- Active: 11 December 1980 - present
- Country: India
- Branch: Indian Navy
- Garrison/HQ: INS Hansa, Goa (1980 - 2000) INS Dega, Visakhapatnam (2000 - present)
- Nickname: The Eagles

Aircraft flown
- Attack helicopter: Kamov Ka-25 (historical) Kamov Ka-28

= INAS 333 =

The INAS 333 is an Indian naval air squadron based at INS Dega, Visakhapatnam.

== History ==
INAS 333 was commissioned at Goa on 11 December 1980 by V Adm O P Dawson. The squadron crest depicts an Eagle gripping a torpedo in its talons against a background of two crossed rotors. INAS 333 was commissioned with the Kamov Ka-25 helicopter and is a dedicated ASW helicopter squadron. The Kamov Ka-28 helicopters were inducted into the Squadron in 1989. Kamov helicopters are designed to operate from the decks of Kashin class destroyers and the carrier. INAS 333 was shifted to INS Dega, Visakhapatnam in the year 2000 along with the Kamov Ka-25s and has been operating from there ever since. The Ka-25s which were with the squadron since its inception were decommissioned from service in April 2009. The Ka-28 helicopters were rebased at INAS 333 from INAS 339 on 19 May 2009 and form the complement of the squadron.

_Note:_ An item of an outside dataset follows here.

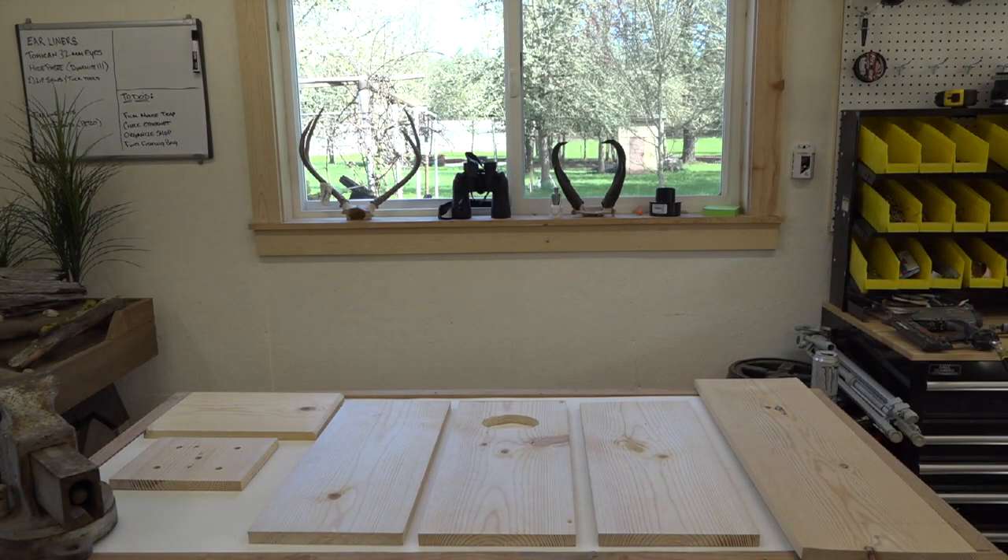Hey guys, we're back. I got the parts and pieces out and I've cut them all up on the chop saw. I didn't figure you guys really needed to see that. So here are the parts and pieces - I'll go over sizes and such. To start with, I make two boxes at a time. I used two ten-foot one-by-tens and one six-foot one-by-ten.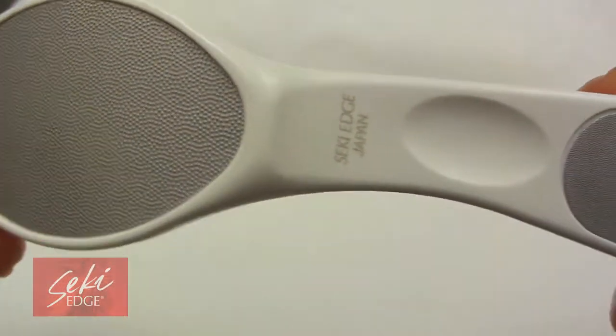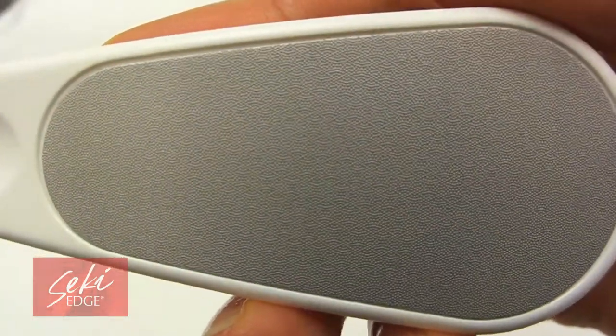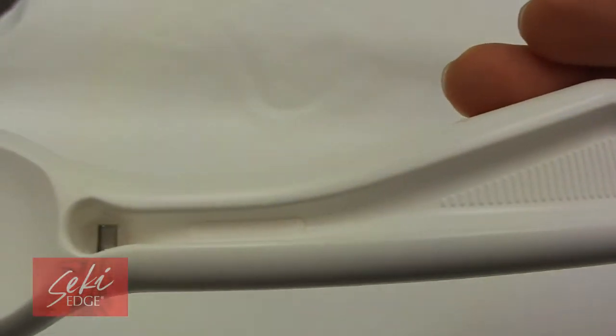The Callus Reducer has two honeycomb abrasive sides: a coarse side that reduces the callus and a fine abrasive side that smooths out the callus in all directions. It has an ergonomic handle making it easy to hold and scrub.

With a sensor package of sonar, radar, sonobuoys and a weapon load consisting of ASW torpedoes and depth charges, the Kamov ka-28 is a major threat to enemy submarines. This highly capable aircraft is flown by a single pilot and operates from the decks of the latter two Kashin Class Destroyers. The squadron is also responsible for training the aircrew for operating the Ka-28 helicopters.